A basic tenet of improving your musicianship is to not practice your mistakes. To not practice mistakes means, for example, to not play difficult passages faster than you can play them perfectly. When you play past your abilities, your brain (and hands) do not eventually catch on, but rather the imprecise handling of the phrase becomes inculcated in your mind.

Start these sight-reading exercises slowly and deliberately and then increase speed. Start with challenges that seem trivial—for example, a sequence of quarter notes (set "difficulty" control to 1). Checking "allow ties" and increasing the playback tempo will get you to challenging exercises fairly quickly. Pay attention to your every imperfection, for example, rushing through a quarter note that follows a sequence of complicated sixteenth note patterns.

Four Ways to Make Sight-Reading More Difficult

1. Increase the "difficulty" variable to add complexity to the patterns.

2. Increase the "tempo".

3. Add "allow ties" or "substitute rests for ties" to the phrases. Note that checking "substitute rests for ties" does not change the current pattern but is oftentimes easier to read.

4. Check "allow triplets" to intermix triplets with the sixteenth note patterns. The mode "3 versus 4" rigorously alternates between the two types of patterns.

Difficulty Control

Difficulty level 1 is nothing but quarter notes. Difficulty level 2 adds eighth notes. Checking the "allow ties" box and increasing the "tempo" can make difficulty level 2 nontrivial. Difficulty levels 3 through 8 add sixteenth note patterns. Difficulty levels 9 through 12 have the same difficulty as level 8 but they incrementally eliminate the simplest of patterns. Try setting the "mode" control to "repeating" and the "background (time signature)" control to 1 or 2. Building confidence with these simple patterns is the groundwork for success with more sophisticated patterns.

For Guitar Players (and Hand Percussionists)

Set the "mode" to "repeating". Check "allow ties". Try different "background (time signature)" settings.
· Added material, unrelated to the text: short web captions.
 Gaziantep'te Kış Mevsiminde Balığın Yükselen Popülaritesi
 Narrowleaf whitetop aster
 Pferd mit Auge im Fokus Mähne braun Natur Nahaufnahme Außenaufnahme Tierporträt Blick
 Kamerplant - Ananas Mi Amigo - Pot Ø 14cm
Adding ties to repeating patterns creates families of related patterns. This strategy is perfect for adding variety to a pattern while keeping the overall feeling of the phrase intact.

Substitute Rests for Ties

There is a similarity between phrases with ties and phrases with rests. Any note in a phrase that has been tied into is never played, so it can be eliminated and replaced with a rest. Oftentimes reading a phrase with rests is easier than reading the same phrase notated with ties. When you check and uncheck "substitute rests for ties", the current pattern does not change. Therefore, you can practice sight-reading the same phrase with and without ties.
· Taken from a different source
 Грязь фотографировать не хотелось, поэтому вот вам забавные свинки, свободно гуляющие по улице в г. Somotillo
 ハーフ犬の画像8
The Brick and Mortar Version: Solitaire for the Aspiring Musician

You do not need a computer to create these exercises. Get a stack of 3"×5" index cards. Draw one pattern on each card. Shuffle the cards and deal yourself a new phrase to read. For reference, to see the 12 patterns that make up these exercises, set the mode to "one of each" and choose "new challenge".

Cut Time

Oftentimes, very fast music is written in cut time, with a time signature of 2/2, rather than common time, with a time signature of 4/4. You will want to recognize, for example, that a pattern of eighth-quarter-eighth in cut time is the same as sixteenth-eighth-sixteenth in common time. Set the "background (time signature)" to 2, so each background rectangle represents one beat. Set the "difficulty" level to 2, which limits the patterns to just quarters and eighths. Set the "tempo" to 180, which translates to a very reasonable 90 bpm in cut time. Check "allow ties" to introduce variety. Do not forget to check "substitute rests for ties" on occasion.

Warning

Mastering rhythmic sight-reading will make you intolerant of all your musician friends who fumble through their playing of rhythm phrases. In return, however, you will start enjoying country and western music, and perhaps even tap dancing.

Programming Notes

On a personal note, this Demonstration was as much an exercise in programming graphics as it was in programming the sound features of the Wolfram Language. Exploring the built-in Wolfram Language function BezierCurve to create the rests and eighth note flags was at first challenging, but in the end very rewarding to see the elegance of the resulting glyphs and the ease with which the size parameter was introduced.